- Lay out an obstacle course.
- Have games (e.g., board games) for the kids to play while they wait for each other to go through the obstacle course.
- Or during homework time, take the kids one at a time to go through the obstacle course.
Have a volunteer in the obstacle course working with you.
- Have obstacles that are easy to get over, under, or around and others that are impossible.
- Suggestions for impossible tasks: a stack of wobbly chairs over which the kids must go; a rug under which they must crawl, but they can’t move the rug; a math problem that is beyond their knowledge which must be completed before they move forward.
- Suggestions for possible tasks: stack of pillows to climb over; a table under which they can crawl; strips of string tied to chairs they must step through without touching.
- Lay out masking tape to mark the course.
- You may want to set up more than one obstacle course
in different rooms if you have a lot of kids.
- The object of this activity is to make the kids have to choose what they are going to do – the hope is that they will choose to ask the adult for help.
- The adult should never offer help unless asked.
- Bring the kids into the obstacle course one at a time; you do not want them to observe the others going through the obstacle course.
- Explain to the kids what they are to do to get through the obstacle course.
- Give them the sense there will be winners and losers and that time is important.
- However, at no time indicate that you won’t help them over the impossible obstacles; while at the same time, never tell them that you will help them.
- When they come to the impossible obstacles, there are several choices they can make; they can try to do it on their own and fail, they can give up and not go on, or they can ask you what to do.
- If they ask for help, or ask you what to do, give them the ability to get around, over or under the obstacle.
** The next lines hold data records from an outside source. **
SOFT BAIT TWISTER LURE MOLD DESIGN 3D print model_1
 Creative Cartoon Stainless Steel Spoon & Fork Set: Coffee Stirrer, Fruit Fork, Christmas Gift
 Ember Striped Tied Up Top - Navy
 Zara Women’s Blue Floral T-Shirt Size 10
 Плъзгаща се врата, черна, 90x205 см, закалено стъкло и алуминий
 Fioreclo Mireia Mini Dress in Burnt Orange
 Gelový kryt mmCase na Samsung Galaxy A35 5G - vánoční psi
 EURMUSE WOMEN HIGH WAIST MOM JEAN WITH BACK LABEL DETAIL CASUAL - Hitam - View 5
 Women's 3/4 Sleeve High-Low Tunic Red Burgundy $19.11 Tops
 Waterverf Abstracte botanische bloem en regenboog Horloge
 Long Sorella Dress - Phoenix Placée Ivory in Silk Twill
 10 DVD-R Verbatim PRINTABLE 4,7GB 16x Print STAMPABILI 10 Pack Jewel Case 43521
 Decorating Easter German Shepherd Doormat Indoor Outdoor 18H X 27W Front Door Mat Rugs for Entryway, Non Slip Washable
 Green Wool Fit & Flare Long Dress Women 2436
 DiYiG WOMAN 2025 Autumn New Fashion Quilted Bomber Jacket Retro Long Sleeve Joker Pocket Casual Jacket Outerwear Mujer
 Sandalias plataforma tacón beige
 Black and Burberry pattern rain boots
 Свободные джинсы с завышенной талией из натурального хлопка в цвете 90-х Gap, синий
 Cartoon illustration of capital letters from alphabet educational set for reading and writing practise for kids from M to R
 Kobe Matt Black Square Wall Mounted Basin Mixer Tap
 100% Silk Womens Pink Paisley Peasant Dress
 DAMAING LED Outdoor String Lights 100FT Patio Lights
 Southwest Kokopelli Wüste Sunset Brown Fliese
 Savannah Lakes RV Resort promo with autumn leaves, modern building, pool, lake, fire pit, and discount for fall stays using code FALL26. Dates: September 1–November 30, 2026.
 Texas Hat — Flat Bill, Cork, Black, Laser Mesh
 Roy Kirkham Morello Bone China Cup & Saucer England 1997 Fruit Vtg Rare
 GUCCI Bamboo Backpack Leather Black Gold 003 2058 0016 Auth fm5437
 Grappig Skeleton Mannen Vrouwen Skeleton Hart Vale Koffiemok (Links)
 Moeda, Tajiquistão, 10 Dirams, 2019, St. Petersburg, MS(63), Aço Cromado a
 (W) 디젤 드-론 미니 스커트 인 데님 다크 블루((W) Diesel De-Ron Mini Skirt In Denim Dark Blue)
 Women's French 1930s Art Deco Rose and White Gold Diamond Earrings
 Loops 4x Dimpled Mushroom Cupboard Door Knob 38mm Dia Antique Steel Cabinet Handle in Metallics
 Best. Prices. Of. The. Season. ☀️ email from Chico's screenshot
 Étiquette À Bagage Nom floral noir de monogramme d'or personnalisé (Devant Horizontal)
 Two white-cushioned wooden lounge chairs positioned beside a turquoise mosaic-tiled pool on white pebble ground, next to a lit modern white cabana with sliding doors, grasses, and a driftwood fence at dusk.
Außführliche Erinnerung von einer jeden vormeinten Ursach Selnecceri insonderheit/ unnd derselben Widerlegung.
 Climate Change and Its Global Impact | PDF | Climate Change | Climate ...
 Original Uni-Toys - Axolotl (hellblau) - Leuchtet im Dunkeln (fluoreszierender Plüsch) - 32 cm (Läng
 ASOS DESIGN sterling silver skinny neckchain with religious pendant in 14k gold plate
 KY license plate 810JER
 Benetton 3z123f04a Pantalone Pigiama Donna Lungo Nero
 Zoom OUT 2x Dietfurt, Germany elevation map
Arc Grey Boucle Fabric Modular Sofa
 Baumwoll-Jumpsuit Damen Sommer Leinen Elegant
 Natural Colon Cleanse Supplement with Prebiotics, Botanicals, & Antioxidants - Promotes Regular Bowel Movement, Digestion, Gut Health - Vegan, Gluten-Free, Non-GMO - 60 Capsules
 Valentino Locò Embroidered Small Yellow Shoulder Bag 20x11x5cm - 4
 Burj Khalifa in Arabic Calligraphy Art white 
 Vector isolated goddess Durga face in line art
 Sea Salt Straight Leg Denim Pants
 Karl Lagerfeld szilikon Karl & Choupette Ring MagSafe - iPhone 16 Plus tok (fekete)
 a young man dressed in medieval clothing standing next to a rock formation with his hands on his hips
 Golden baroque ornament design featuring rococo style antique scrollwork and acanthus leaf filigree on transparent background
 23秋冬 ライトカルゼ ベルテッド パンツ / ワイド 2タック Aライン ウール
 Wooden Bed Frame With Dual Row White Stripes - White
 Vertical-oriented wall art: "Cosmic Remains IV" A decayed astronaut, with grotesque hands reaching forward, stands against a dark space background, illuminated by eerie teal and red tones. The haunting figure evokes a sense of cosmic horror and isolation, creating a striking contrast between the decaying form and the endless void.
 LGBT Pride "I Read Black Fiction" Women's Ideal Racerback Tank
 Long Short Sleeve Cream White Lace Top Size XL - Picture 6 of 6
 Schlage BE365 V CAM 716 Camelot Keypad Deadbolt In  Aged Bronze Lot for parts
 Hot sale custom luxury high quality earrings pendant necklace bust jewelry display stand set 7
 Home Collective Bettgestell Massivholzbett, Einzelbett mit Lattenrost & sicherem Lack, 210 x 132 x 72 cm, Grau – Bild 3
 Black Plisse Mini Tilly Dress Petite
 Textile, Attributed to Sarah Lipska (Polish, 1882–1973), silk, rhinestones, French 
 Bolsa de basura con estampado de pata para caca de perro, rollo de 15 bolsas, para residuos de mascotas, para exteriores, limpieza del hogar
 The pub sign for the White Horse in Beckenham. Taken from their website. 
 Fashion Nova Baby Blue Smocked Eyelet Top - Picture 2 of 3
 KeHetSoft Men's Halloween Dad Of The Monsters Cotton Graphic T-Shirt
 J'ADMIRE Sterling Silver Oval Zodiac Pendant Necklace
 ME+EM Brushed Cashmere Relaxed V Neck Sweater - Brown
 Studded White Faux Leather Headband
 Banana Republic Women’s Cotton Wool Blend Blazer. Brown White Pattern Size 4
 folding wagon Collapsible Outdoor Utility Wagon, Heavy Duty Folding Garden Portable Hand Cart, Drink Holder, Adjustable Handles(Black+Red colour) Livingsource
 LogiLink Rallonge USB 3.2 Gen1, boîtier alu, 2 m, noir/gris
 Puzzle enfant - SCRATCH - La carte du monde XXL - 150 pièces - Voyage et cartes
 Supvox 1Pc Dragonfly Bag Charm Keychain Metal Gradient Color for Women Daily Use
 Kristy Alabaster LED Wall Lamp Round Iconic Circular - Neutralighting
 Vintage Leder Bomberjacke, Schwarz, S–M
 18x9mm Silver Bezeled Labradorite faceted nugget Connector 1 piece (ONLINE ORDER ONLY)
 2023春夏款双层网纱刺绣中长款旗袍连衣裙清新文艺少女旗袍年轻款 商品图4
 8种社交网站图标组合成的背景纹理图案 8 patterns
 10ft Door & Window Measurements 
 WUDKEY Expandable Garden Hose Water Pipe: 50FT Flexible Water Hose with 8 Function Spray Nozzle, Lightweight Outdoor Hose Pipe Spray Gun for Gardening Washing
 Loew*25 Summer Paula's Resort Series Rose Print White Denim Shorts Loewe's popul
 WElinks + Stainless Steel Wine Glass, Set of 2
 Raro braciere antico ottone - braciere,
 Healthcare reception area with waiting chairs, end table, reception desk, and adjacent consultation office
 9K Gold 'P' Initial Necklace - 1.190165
Do not do the activity for the kids; just make it possible to be accomplished.
- When a kid leaves to return to where the other kids are, tell him/her s/he will lose KidTrek Bucks if s/he shares with the other kids what s/he has been through.
- The winners are those who ask for help.
A volunteer could play the “devil” and encourage the kids to try and do it on their own.
You encourage them to choose wisely.
- What did you first think of when you came to the impossible obstacle?
- What did you do when you came to the impossible obstacle?
You want to get answers from several kids who responded differently.
- Who do you think the winners are?
The winners are those who asked for help; they chose wisely.